On October 23, 2019, Samsung showcased a range of new technology solutions at its Tech Day 2019 event in San Jose, California. Included in this portfolio of innovations was a host of new memory solutions that will ensure the industry has the finest memory as we move into the next technological era.
Samsung’s third annual Tech Day brought Silicon Valley representatives, collaborators and experts together for an event that featured executive keynotes, a panel discussion and demo pavilion demonstrating what’s on the horizon in areas such as home automation, data centers, mobile/5G and automotive technology. The memory solutions proposed included Samsung’s third-generation 10nm-class DRAM, powerful 7th generation V-NAND and PCIe Gen5 solid-state drives (SSDs).
The New Standard for RAM
At Tech Day, Samsung announced that it had begun mass production of its third-generation 10nm-class (1z) DRAM solution. DRAM means ‘dynamic’ RAM, with ‘dynamic’ denoting the fact that the storage cell refreshes every few milliseconds and, as a result, is able to adapt quickly to whatever task needs to be performed at any given time
Samsung’s 1z DRAM solution provides industry-leading energy efficiency and capacity, making it a truly comprehensive package. In 2016, the standard for DRAM bandwidth was a maximum of 20 cores and four memory channels in the CPU, Samsung has now increased that number to a maximum of 64 cores and eight memory channels in 2019. Additionally, Samsung’s 1z DRAM lays the groundwork for the production of cutting-edge memory solutions like DDR5, LPDDR5, HBM2E and GDDR6 to begin as early as the beginning of 2020.

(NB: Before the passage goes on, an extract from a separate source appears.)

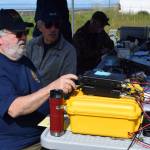 South Peninsula Amateur Radio Club member Toby Reich and club president Rick Baird operate a ham radio during a nationwide contest on Saturday, June 28, 2025, on the Homer Spit in Homer, Alaska. (Delcenia Cosman/Homer News)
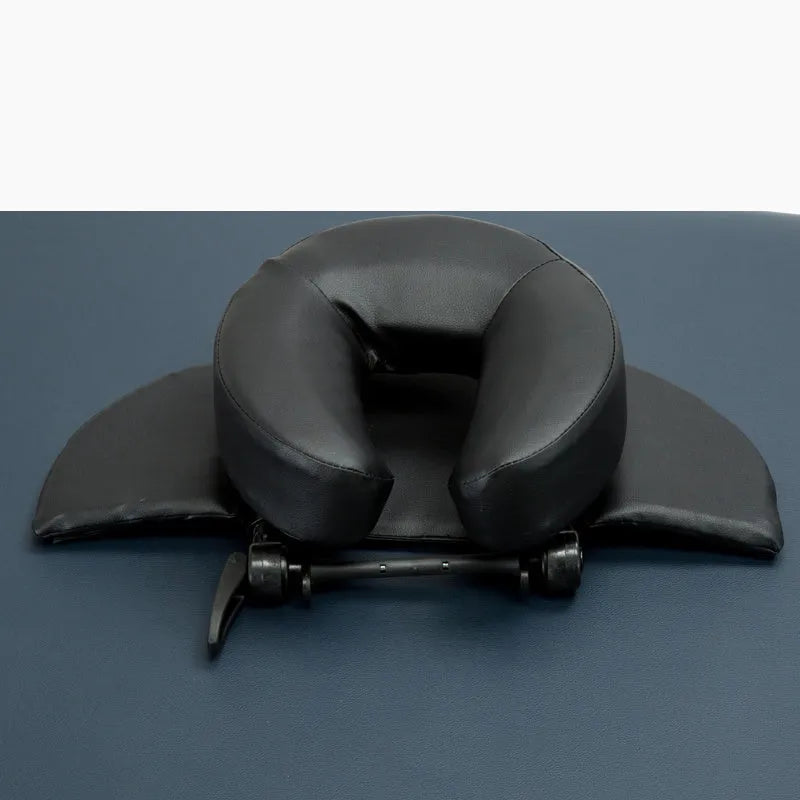 U-shaped SPA health pillow with PU leather cover on a massage table, black colour, showing adjustable height cradle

The DDR5 solution will allow for increased power efficiency by capacity and will be optimized for big data applications, while LPDDR5 will create new mobile experiences by reducing power consumption and bringing about changes in on-device AI and battery time. Samsung’s GDDR6 will allow for real-time, true-to-life graphics rendering, and the company’s HBM2E solution will allow powerful supercomputing to be done from a single box while significantly reducing AI training time.
The Next Big Thing in Flash Memory
V-NAND is a type of flash memory where cells are stacked vertically to provide greater capacity, faster speeds and decreased power usage. Samsung’s 7th generation V-NAND –also proposed at Tech Day 2019 – features nearly 200 (1yy) cell layers, and is suitable for both mobile use and other premium memory applications.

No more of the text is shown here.